* TASK GOAL
The entries below contain a line with "jardini&egrave;re" and a line with "Bolero French Marigolds". Retype exactly everything from the first down to the second, both included, and nothing else.

(STORED DATA begins)

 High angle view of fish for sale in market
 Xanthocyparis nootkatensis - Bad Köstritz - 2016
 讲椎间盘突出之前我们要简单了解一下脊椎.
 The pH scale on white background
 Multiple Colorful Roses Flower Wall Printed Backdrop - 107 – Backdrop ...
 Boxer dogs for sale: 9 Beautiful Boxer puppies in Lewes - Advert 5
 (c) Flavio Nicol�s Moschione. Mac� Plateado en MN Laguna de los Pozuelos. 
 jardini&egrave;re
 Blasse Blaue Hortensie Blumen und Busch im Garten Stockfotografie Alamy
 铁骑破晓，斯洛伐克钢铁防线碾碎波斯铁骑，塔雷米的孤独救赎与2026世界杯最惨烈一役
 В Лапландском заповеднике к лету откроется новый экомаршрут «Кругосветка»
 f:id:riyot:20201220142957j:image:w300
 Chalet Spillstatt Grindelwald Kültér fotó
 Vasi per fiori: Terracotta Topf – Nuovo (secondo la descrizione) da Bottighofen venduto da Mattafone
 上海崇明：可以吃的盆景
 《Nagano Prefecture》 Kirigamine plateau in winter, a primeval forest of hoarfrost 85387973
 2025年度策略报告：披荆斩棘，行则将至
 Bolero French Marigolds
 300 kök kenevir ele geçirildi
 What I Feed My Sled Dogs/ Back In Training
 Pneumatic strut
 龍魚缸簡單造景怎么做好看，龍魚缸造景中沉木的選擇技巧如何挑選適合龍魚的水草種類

(STORED DATA ends)

* ANSWER TO THE EXERCISE
 jardini&egrave;re
 Blasse Blaue Hortensie Blumen und Busch im Garten Stockfotografie Alamy
 铁骑破晓，斯洛伐克钢铁防线碾碎波斯铁骑，塔雷米的孤独救赎与2026世界杯最惨烈一役
 В Лапландском заповеднике к лету откроется новый экомаршрут «Кругосветка»
 f:id:riyot:20201220142957j:image:w300
 Chalet Spillstatt Grindelwald Kültér fotó
 Vasi per fiori: Terracotta Topf – Nuovo (secondo la descrizione) da Bottighofen venduto da Mattafone
 上海崇明：可以吃的盆景
 《Nagano Prefecture》 Kirigamine plateau in winter, a primeval forest of hoarfrost 85387973
 2025年度策略报告：披荆斩棘，行则将至
 Bolero French Marigolds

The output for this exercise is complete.